◆ Goal of the exercise
Write out the entries exactly, pictures excluded.

────────────────

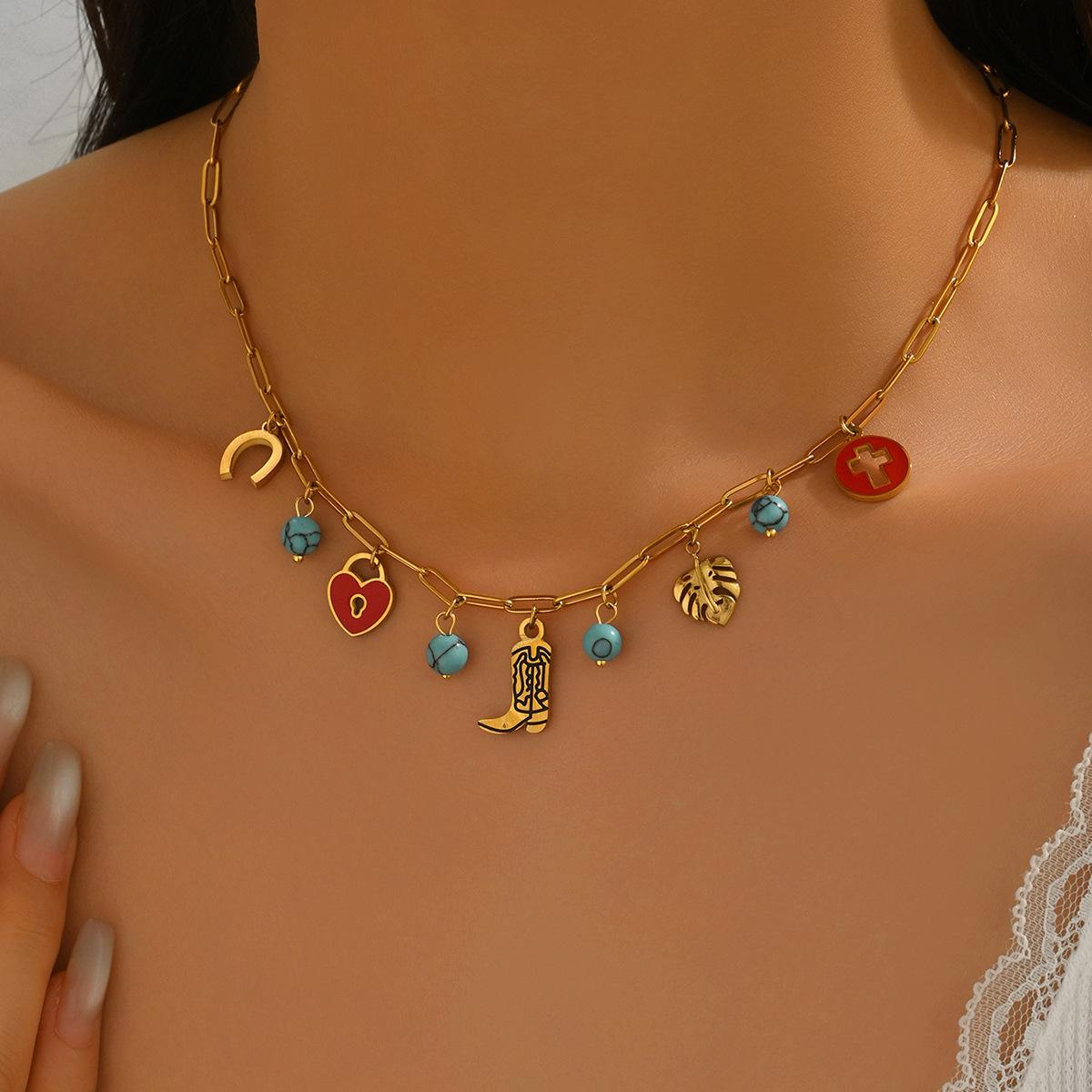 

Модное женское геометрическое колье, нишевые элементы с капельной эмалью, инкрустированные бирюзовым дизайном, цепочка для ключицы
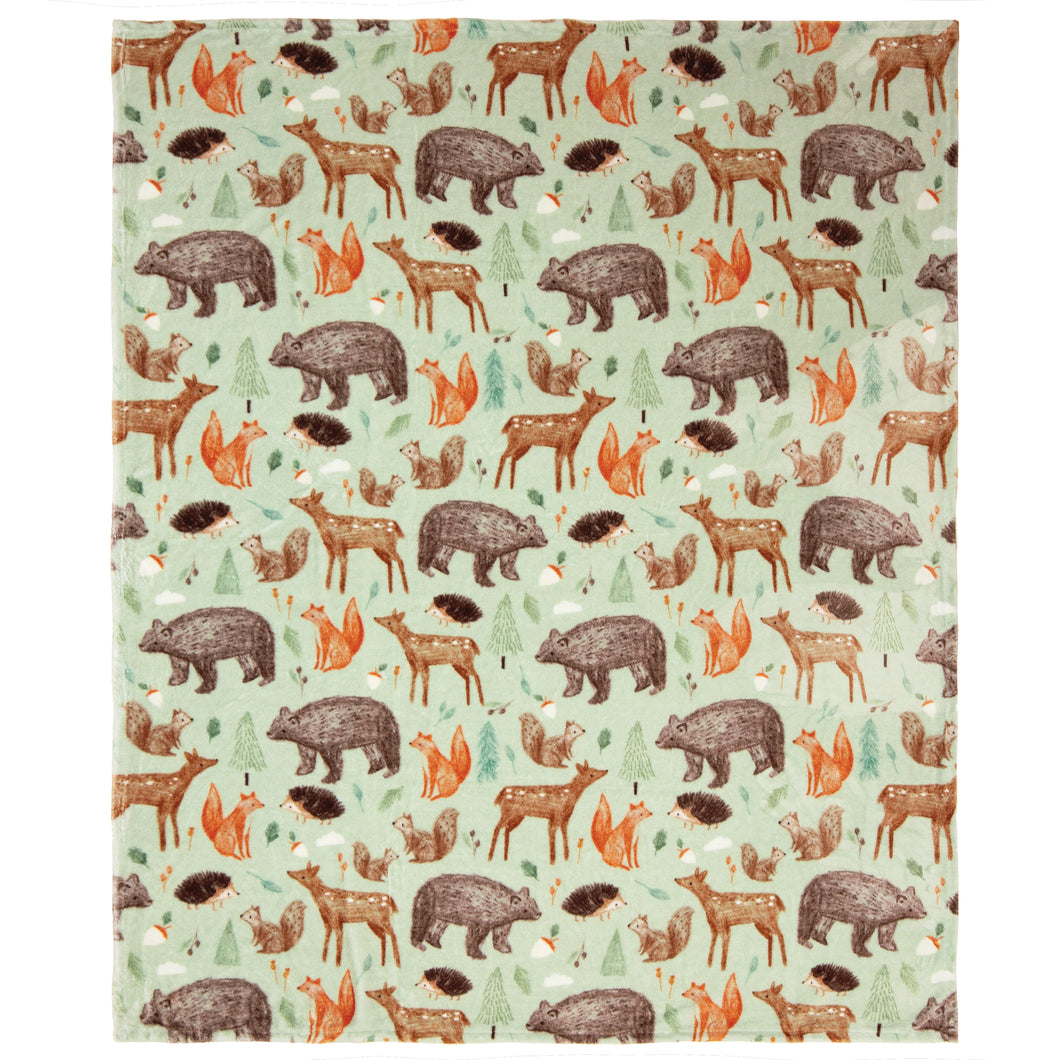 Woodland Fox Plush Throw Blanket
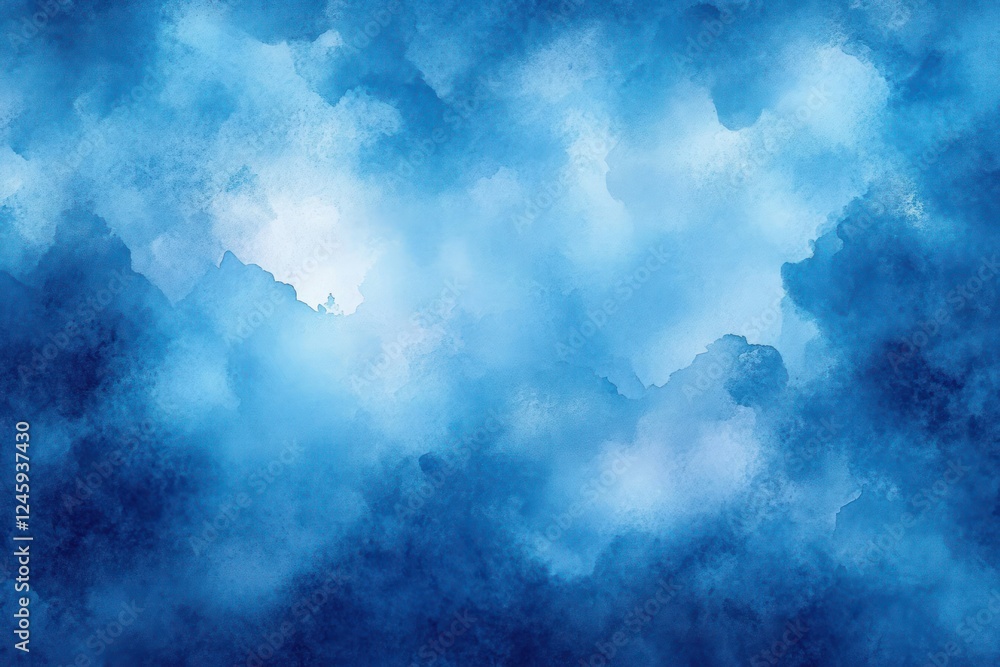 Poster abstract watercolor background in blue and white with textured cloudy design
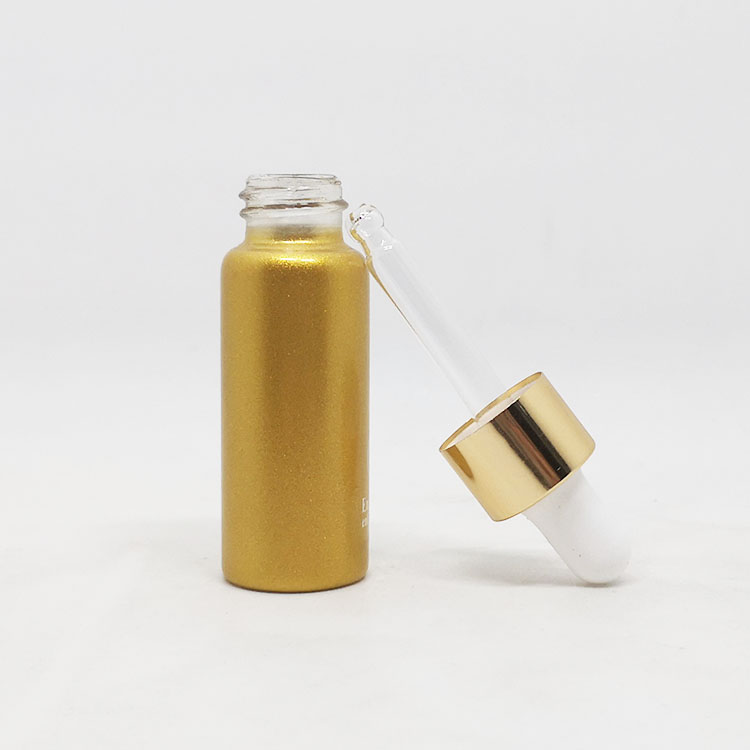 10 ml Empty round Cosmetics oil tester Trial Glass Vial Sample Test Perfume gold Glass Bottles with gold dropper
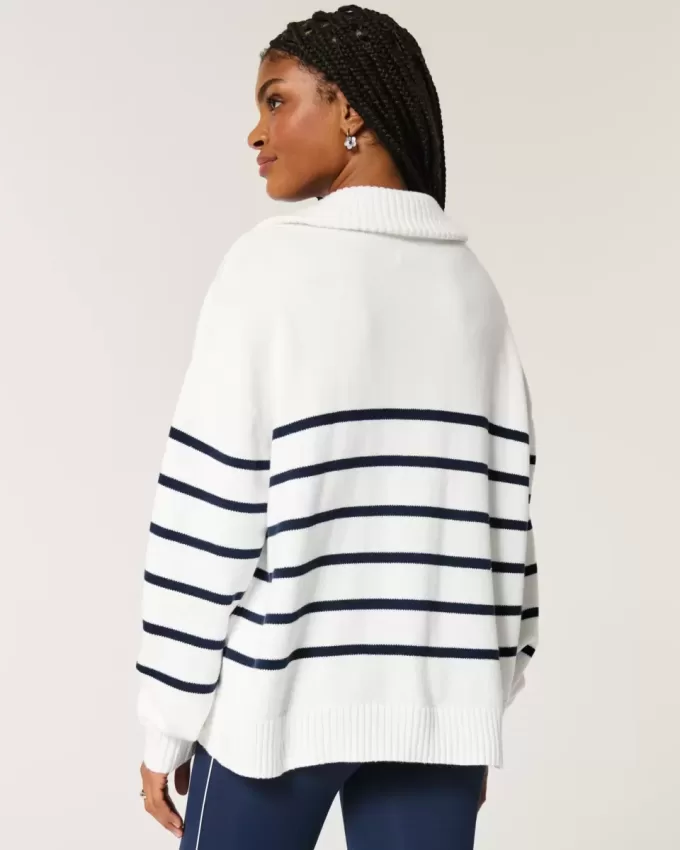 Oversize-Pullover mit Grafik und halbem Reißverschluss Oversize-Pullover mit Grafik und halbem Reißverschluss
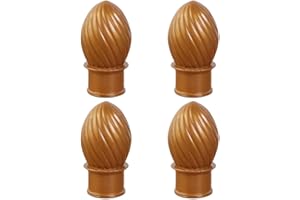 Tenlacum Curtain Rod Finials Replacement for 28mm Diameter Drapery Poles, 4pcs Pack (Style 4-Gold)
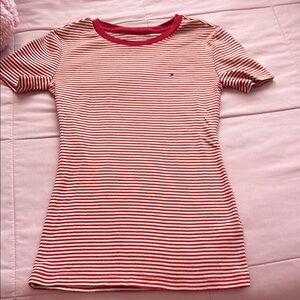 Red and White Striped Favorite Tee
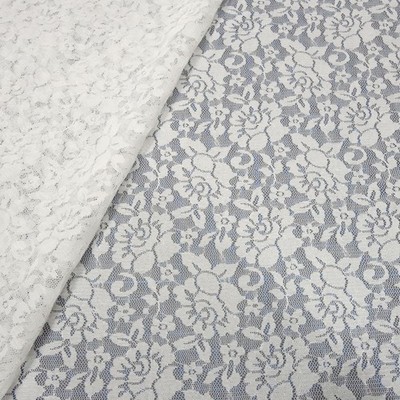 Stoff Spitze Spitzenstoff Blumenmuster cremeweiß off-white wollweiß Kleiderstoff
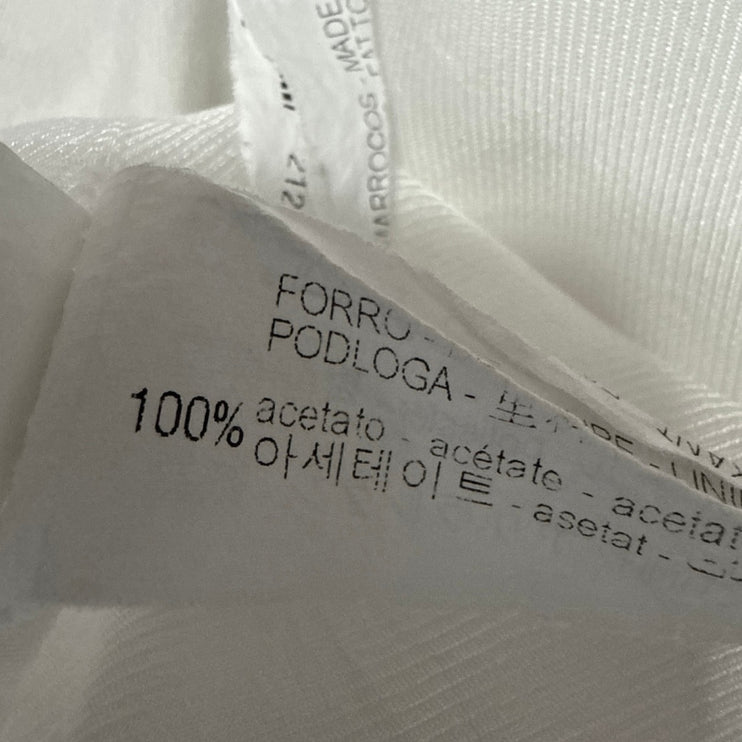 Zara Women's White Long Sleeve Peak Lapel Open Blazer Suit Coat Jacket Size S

────────────────

◆ Final answer
Модное женское геометрическое колье, нишевые элементы с капельной эмалью, инкрустированные бирюзовым дизайном, цепочка для ключицы
 Woodland Fox Plush Throw Blanket
 Poster abstract watercolor background in blue and white with textured cloudy design
 10 ml Empty round Cosmetics oil tester Trial Glass Vial Sample Test Perfume gold Glass Bottles with gold dropper
 Oversize-Pullover mit Grafik und halbem Reißverschluss Oversize-Pullover mit Grafik und halbem Reißverschluss
 Tenlacum Curtain Rod Finials Replacement for 28mm Diameter Drapery Poles, 4pcs Pack (Style 4-Gold)
 Red and White Striped Favorite Tee
 Stoff Spitze Spitzenstoff Blumenmuster cremeweiß off-white wollweiß Kleiderstoff
 Zara Women's White Long Sleeve Peak Lapel Open Blazer Suit Coat Jacket Size S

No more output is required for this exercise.